We have a poem here by Dorothy Mackellar which starts "I love a sunburnt country, a land of sweeping plains, of jagged mountain ranges, of droughts and flooding rains." Yeah, and cyclones, heatwaves, locust plagues, etc.

Mind you, tornados look scarier!

Stay warm everyone :)
 
Adios Pantalones said:
Good to see ya back here bud. Good looking stacks

AP! Doing any big pottery firings? I guess I'd have enough for 2 of your firings now! :)
 
Your panoramic shot makes it look like the Great Wall. Enjoy your winter.
 
Nice looking inventory, what type of wood do you have in the stacks.



Zap
 
Looks like you've been plenty busy. I hope you get that satisfied feeling once the work is done and you can stand back and admire the wood pile! Its great.
 
zapny said:
Nice looking inventory, what type of wood do you have in the stacks.

Zap

I've actually got an Excel spreadsheet (no, really! ) breaking down all the sections by length, species of wood, summers seasoned etc. Just about all the fresh stuff that looks red is bluegum (my favourite timber - my house floorboards are bluegum, I have a big desk which is a bluegum slab, and it's easy to split and burns great too - nice hot coals with moderate ash) and half the seasoned stuff is too (so ~4.5 cords in bluegum). The rest is paperbark (just under 1 cord) and some mixed species from scrounging I'm not too sure of - aussie hardwoods of some type.

Knowing I was going to get at least 3 summers seasoning I split the fresh bluegum fairly big to reduce handling and improve overnight burns. I'm working up to the ability to think "hmmm, moderately cool night, want a long overnight burn but coals for the morning" and select the right species and size of splits to get it just right :)

Hope everyone here is warm and dry!
 
Glad to see your set to go. If I could, I would gladly tilt this big blue rock a month or two early to get you out of the heat waves.
 
weird...I dont see any wood stacks....but thats a heck of a fence you got there..looks a bit like a defensive structure. ;-)
 
Backwoods Savage said:
Looks like you've been plenty busy. I hope you get that satisfied feeling once the work is done and you can stand back and admire the wood pile! Its great.

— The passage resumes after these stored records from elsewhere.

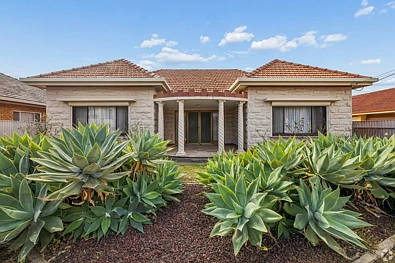 Seaton 4Zimmer Classic Stone Facade on a Grand 942sqm Block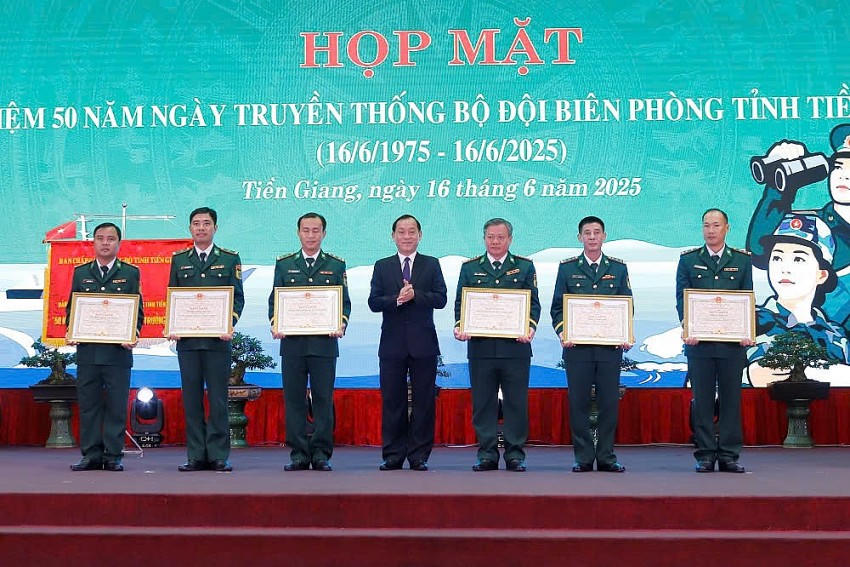 Khen thưởng cá nhân đạt thành tích trong công tác biên phòng. Ảnh: Xuân Uyên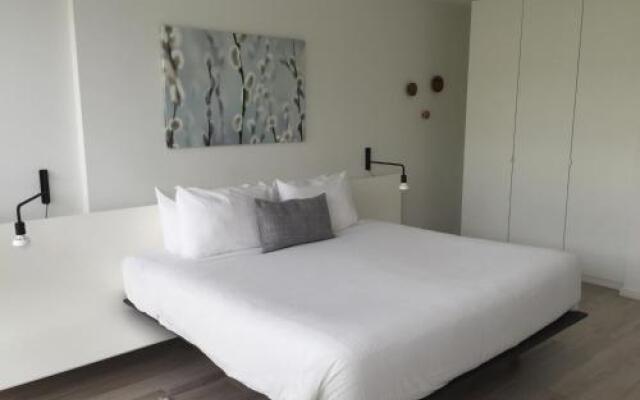 Beach Haus Key Biscayne Contemporary Apartments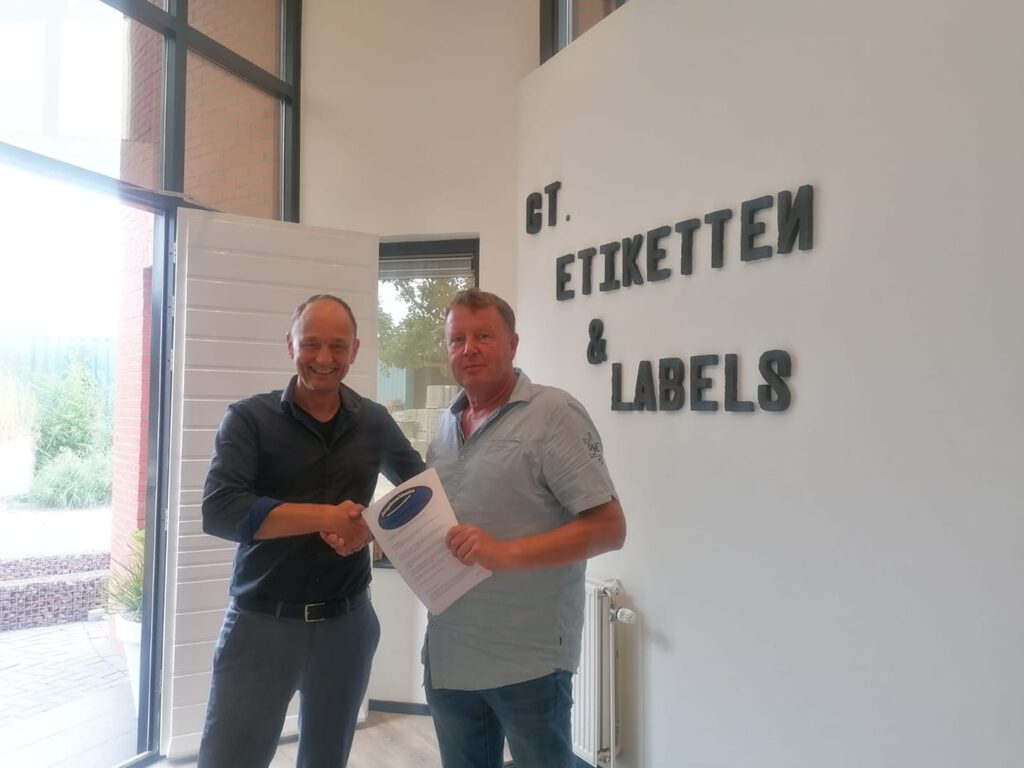 NKvvProtos's tweet photo. Ook GT Etiketten zit in de tas - https://t.co/MchHHf9QCE https://t.co/EjqfrdoR2L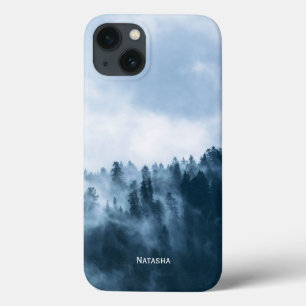 Gepersonaliseerde atmosferische mist over een bos iPhone 13 hoesje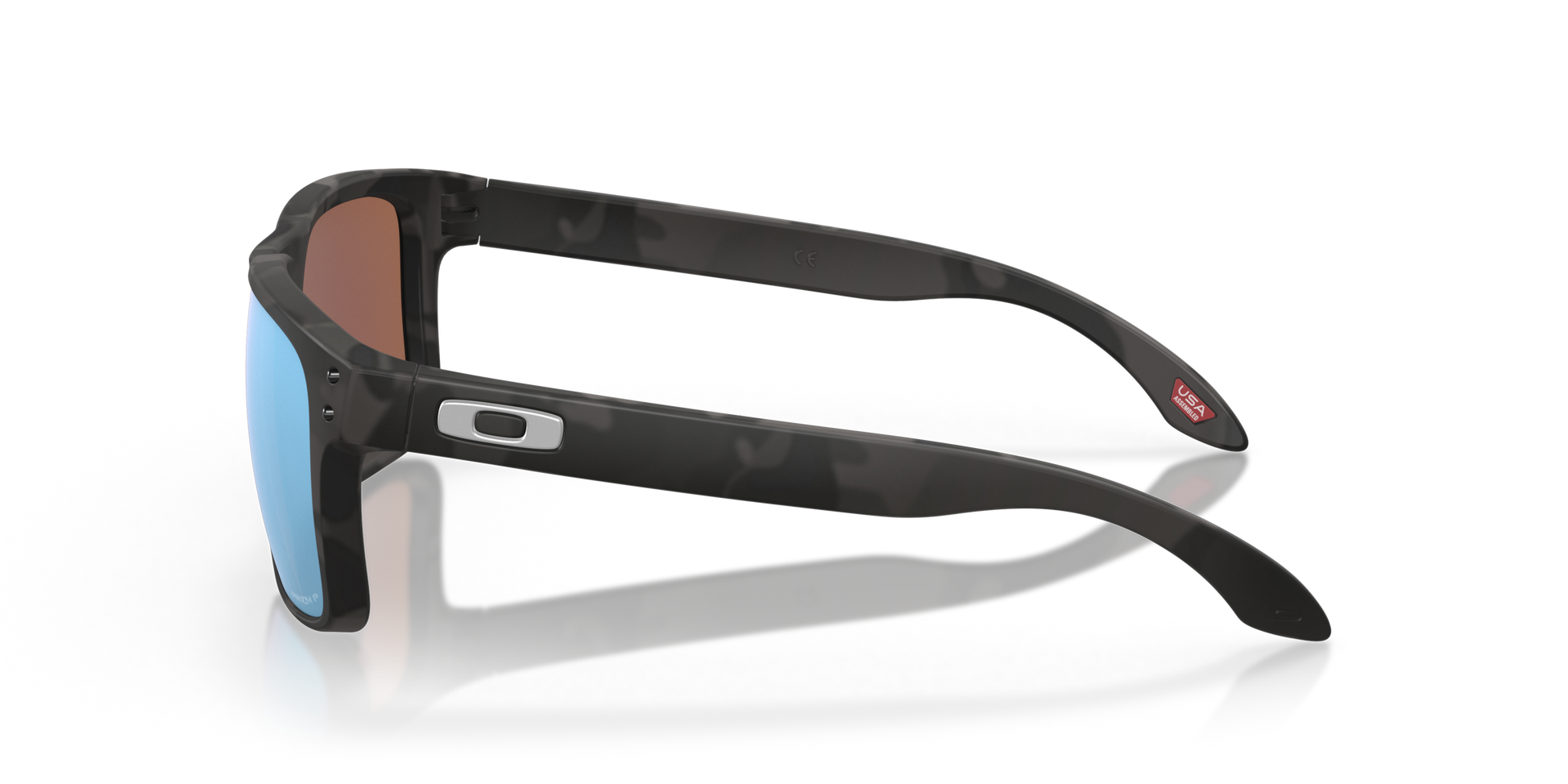 [Prizm Deep Water Polarized Lenses, Matte Black Camo Frame]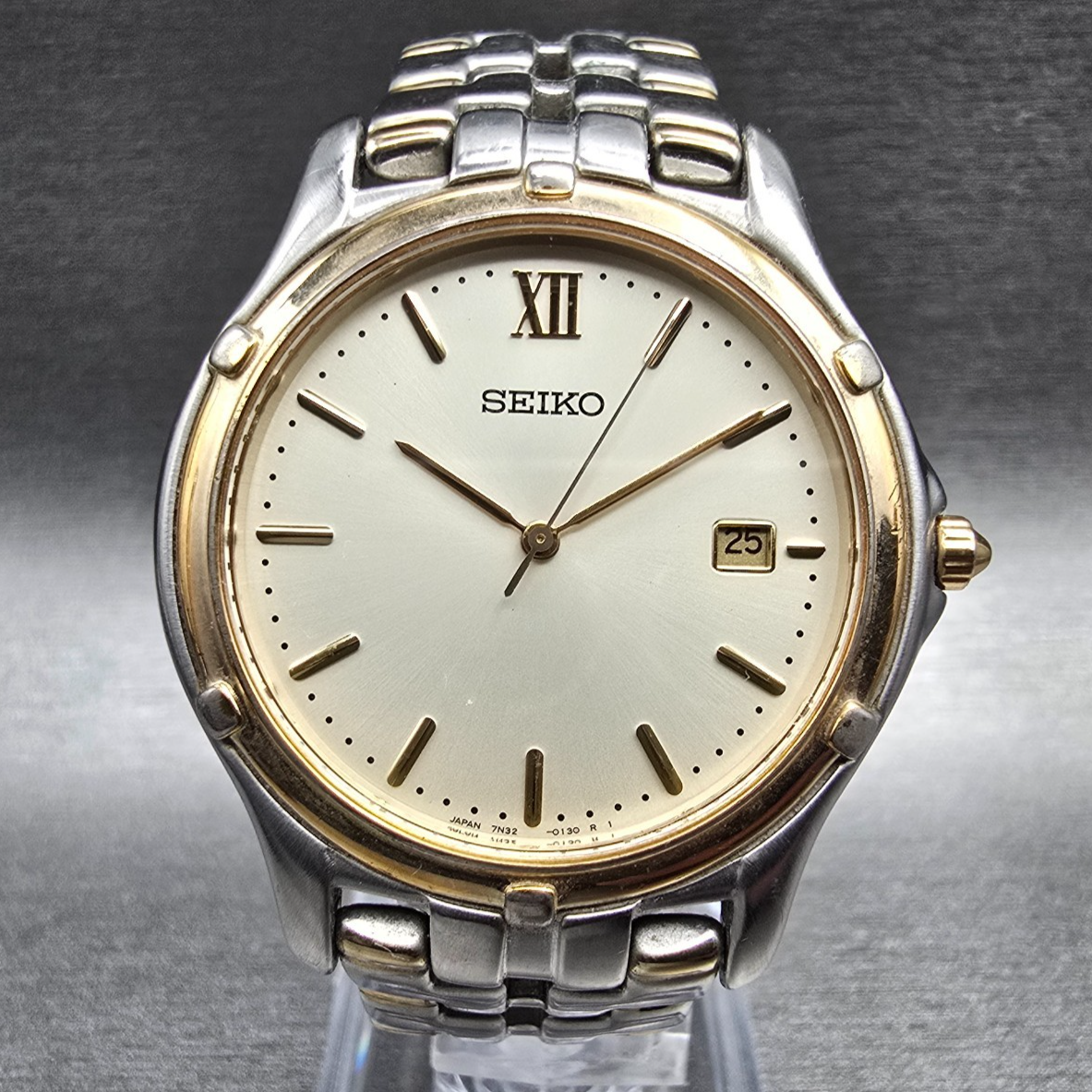 Seiko Watch Men 35mm Champagne Dial Two Tone Date Round 7N32-0100 New Battery0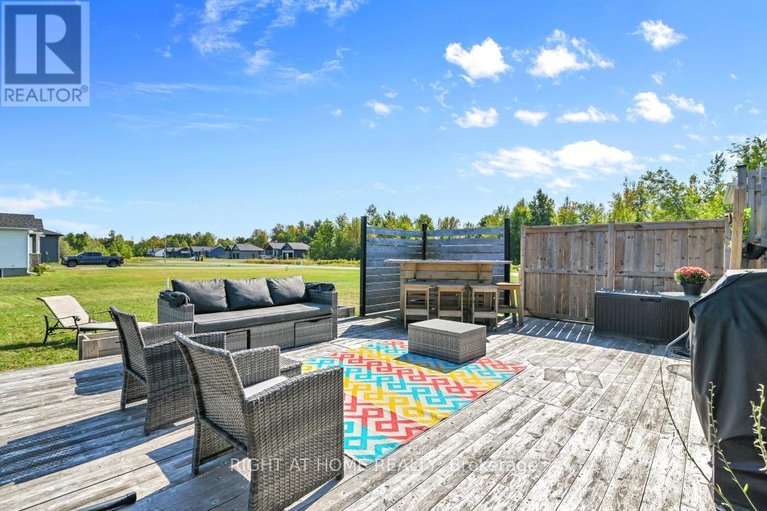 29444354/209-etienne-street/clarencerockland-twp/clarence-rockland/ontario/K0A1E0_48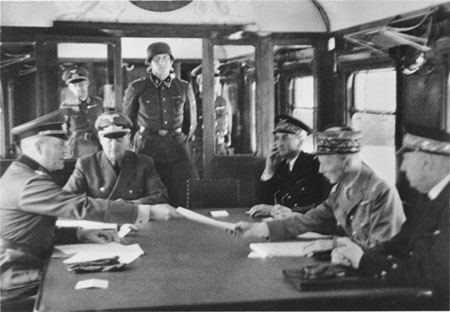 德,法在贡比涅森林的火车车厢里签署《贡比涅停战协定,法国投降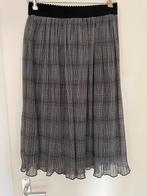 Zwarte geruite rok/ rok met ruiten van Zara maat S, Ophalen of Verzenden, Zo goed als nieuw, Maat 36 (S), Onder de knie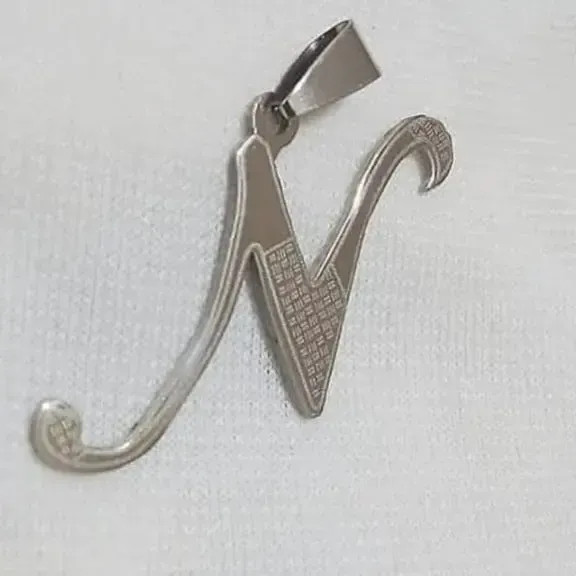 پلاک استیل زنانه طرح حرف N رنگ نقره ای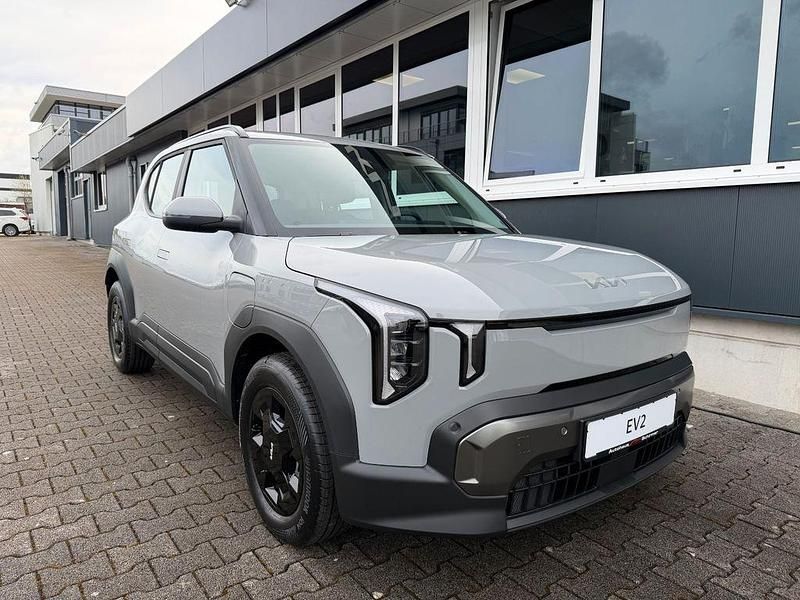 Neu Kia EV2 Air 108 kW (147 PS) 2026 Grau SUV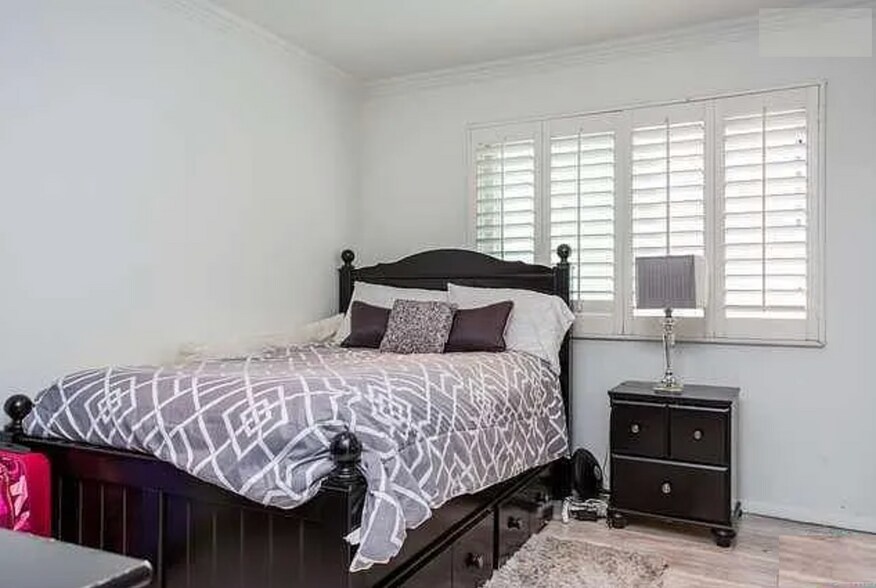 Building Photo - 745 Oxford Ave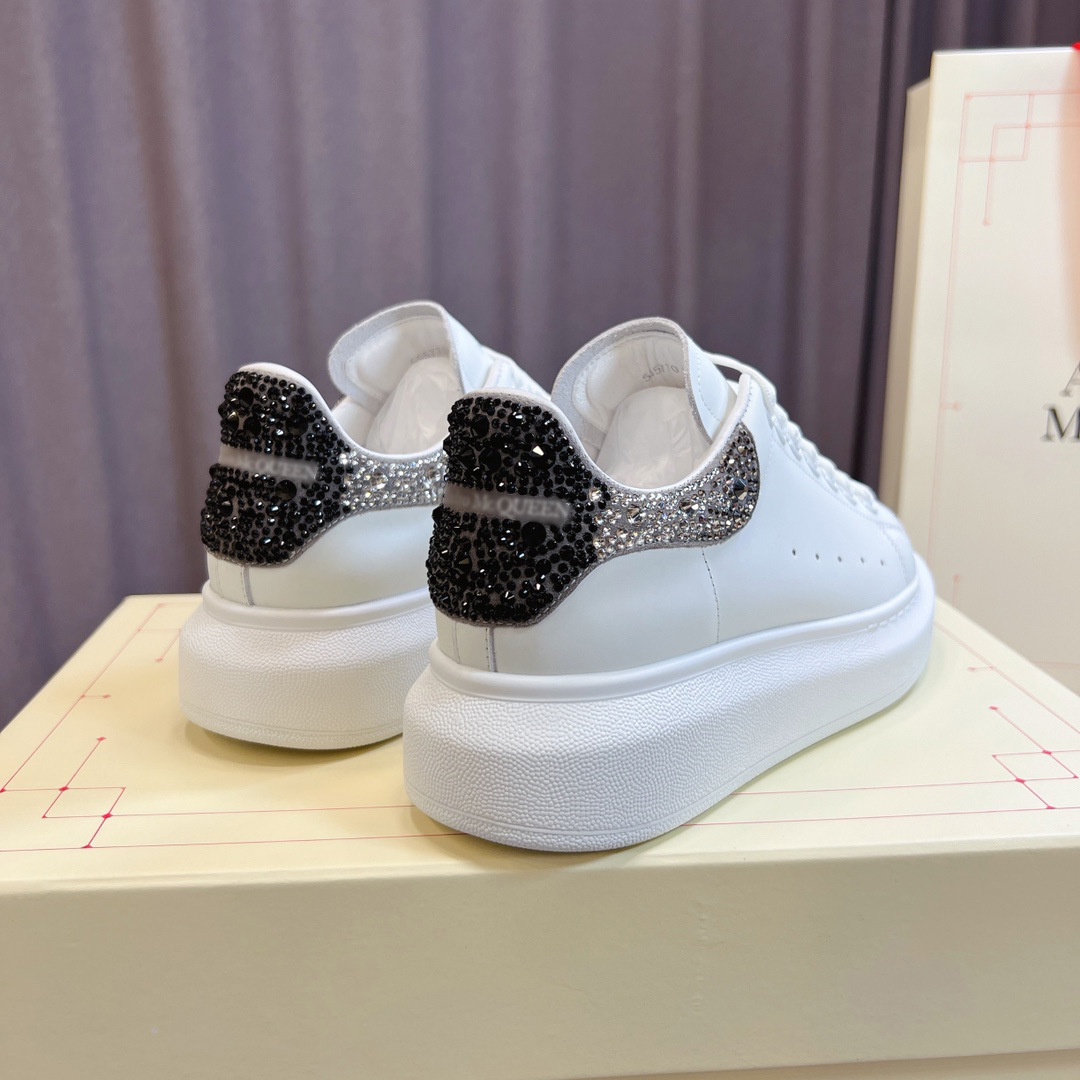 Versión superior de gama alta brillante diamante McQueen blanco zapatos de las mujeres flash diamante piel de vaca gruesa inferior aumento versátil deportes par zapatos casuales hombres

Yeah, hired a big log splitter over a 4 day weekend during the Christmas break and went hard - must have run the machine for 20 hours plus in 4 days. Rolling around massive rounds takes it toll. I don't know how people "in the old days" and even today can c/s/s a cord of wood on their own in a day with an axe / maul / hand saw. I was flat out doing 3-4 cords in 4 days with the hydraulic splitter, and that was only splitting and stacking!

I make a point of regularly walking around my "defensive structure / wooden fence" and admiring my work :) Very satisfying!

I don't think they season as fast, but I like N-S running ricks, where the splits are E-W, because it gets even seasoning on both ends and my ricks stand straight, whereas E-W ricks season and shrink faster on the northern end so it leans to the North and sometimes topples. I have to encourage the ricks with a sledgehammer to stand tall and straight occasionally.

I have a big bluegum I need to drop but am going to wait for some fence real estate to be freed up.

As for the offer of getting us out of heatwaves, good luck with that - we seem to be getting more and more extreme weather events Down Under these days. Whether that's man-caused climate change at work or not is probably another thread topic, but all I know is, I love that wood burning is "carbon neutral" other than my petrol / gas useage for transport and saw and splitter, even though it's hard work it's worthwhile - I'm sure I'm preaching to the converted here!